- _YOUR OBJECTIVE_
Copy out every line in the entries below that includes "Photo".

- _RECORDED DATA_

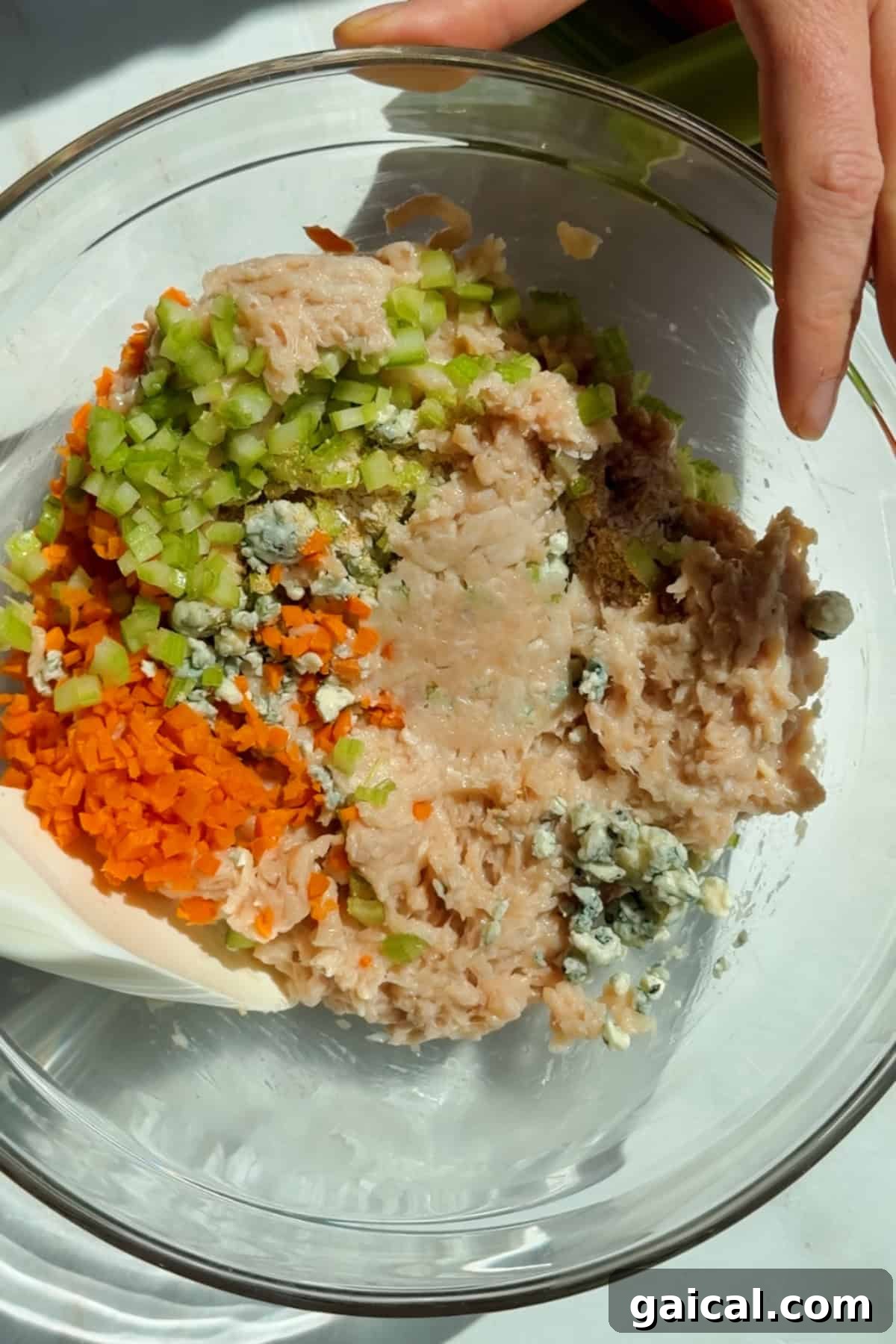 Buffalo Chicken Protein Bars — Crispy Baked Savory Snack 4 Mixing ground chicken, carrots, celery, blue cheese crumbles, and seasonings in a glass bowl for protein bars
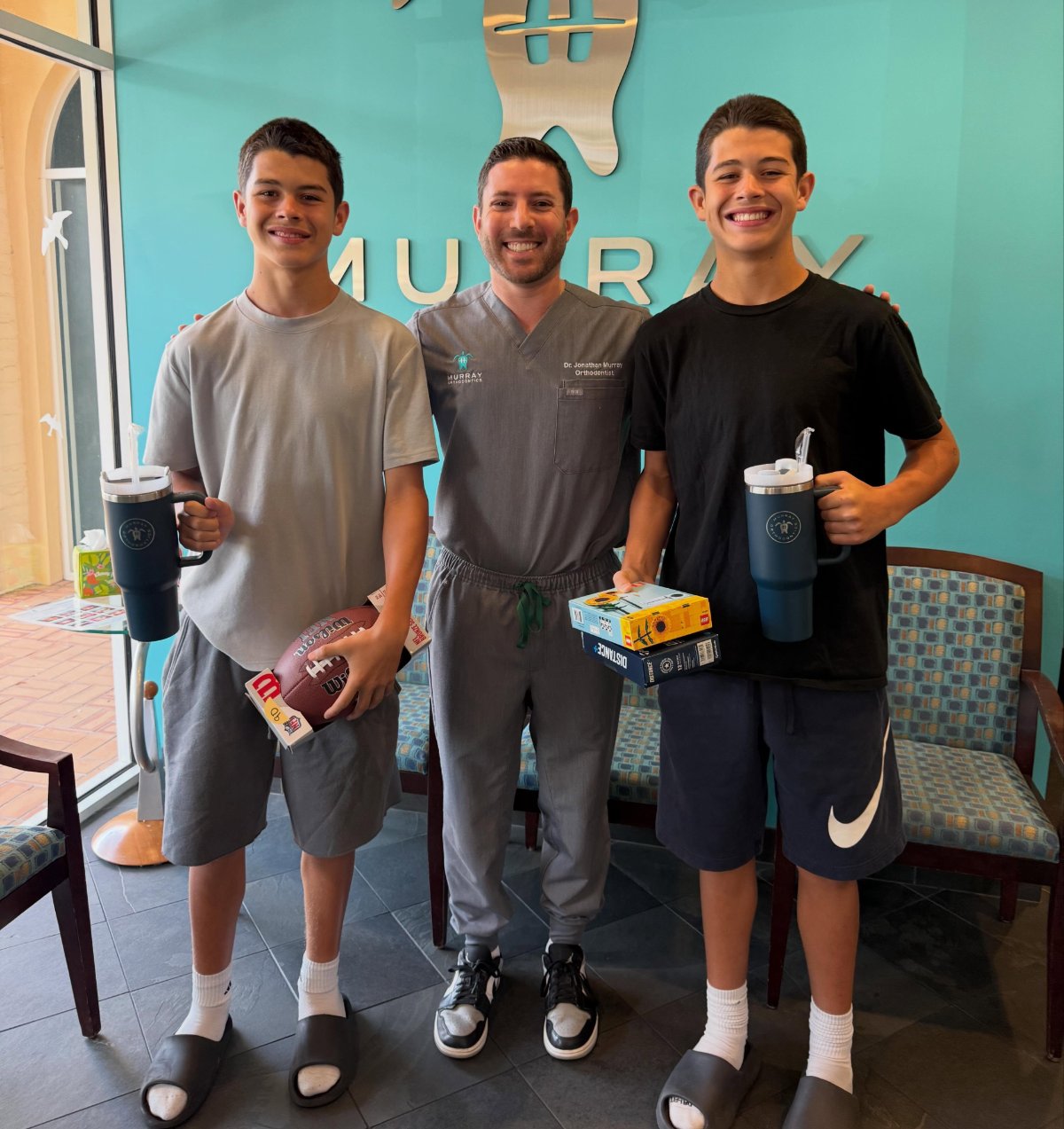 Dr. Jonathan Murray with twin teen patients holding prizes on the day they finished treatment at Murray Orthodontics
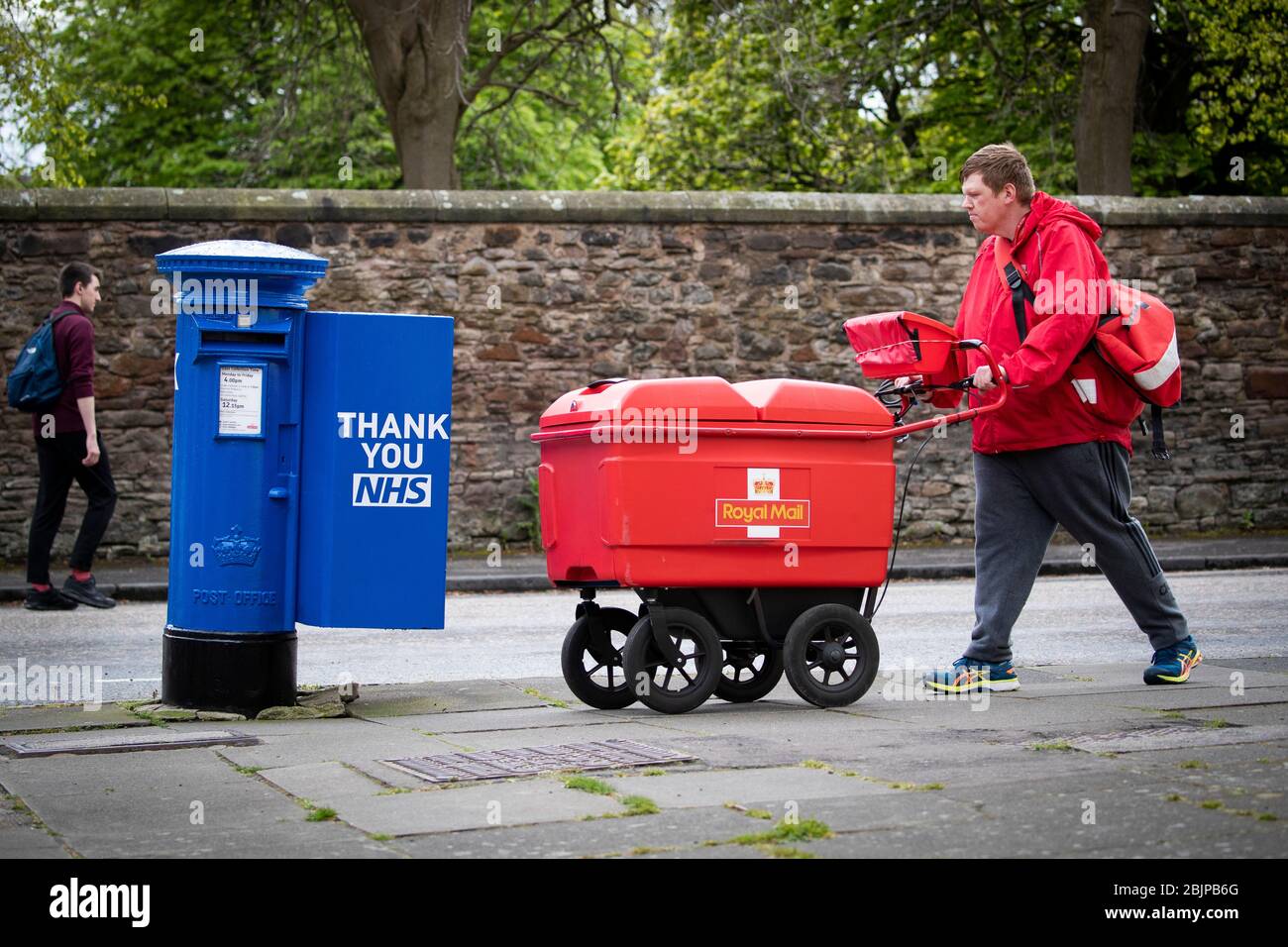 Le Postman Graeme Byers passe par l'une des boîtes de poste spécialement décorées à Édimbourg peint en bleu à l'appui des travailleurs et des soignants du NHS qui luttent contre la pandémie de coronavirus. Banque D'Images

...

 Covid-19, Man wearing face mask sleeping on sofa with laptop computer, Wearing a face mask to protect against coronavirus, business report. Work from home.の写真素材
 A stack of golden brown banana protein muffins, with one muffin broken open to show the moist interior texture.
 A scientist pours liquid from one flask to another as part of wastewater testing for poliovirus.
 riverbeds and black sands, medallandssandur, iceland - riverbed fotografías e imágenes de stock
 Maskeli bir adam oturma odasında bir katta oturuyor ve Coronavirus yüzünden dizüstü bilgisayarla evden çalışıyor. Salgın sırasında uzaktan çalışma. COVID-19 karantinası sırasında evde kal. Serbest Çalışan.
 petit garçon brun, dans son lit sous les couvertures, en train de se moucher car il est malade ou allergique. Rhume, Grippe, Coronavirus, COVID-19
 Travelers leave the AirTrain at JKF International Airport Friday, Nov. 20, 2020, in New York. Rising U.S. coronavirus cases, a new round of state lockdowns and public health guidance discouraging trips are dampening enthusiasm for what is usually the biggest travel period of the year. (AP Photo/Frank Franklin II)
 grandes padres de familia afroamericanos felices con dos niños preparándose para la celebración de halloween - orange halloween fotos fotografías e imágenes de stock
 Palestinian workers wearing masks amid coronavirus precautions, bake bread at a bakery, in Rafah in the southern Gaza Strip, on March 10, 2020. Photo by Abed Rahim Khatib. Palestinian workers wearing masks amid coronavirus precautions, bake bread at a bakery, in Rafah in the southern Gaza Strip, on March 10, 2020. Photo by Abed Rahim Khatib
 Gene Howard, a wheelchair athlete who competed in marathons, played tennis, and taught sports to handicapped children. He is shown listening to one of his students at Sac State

- _RESPONSE TO THIS TASK_
 Travelers leave the AirTrain at JKF International Airport Friday, Nov. 20, 2020, in New York. Rising U.S. coronavirus cases, a new round of state lockdowns and public health guidance discouraging trips are dampening enthusiasm for what is usually the biggest travel period of the year. (AP Photo/Frank Franklin II)
 Palestinian workers wearing masks amid coronavirus precautions, bake bread at a bakery, in Rafah in the southern Gaza Strip, on March 10, 2020. Photo by Abed Rahim Khatib. Palestinian workers wearing masks amid coronavirus precautions, bake bread at a bakery, in Rafah in the southern Gaza Strip, on March 10, 2020. Photo by Abed Rahim Khatib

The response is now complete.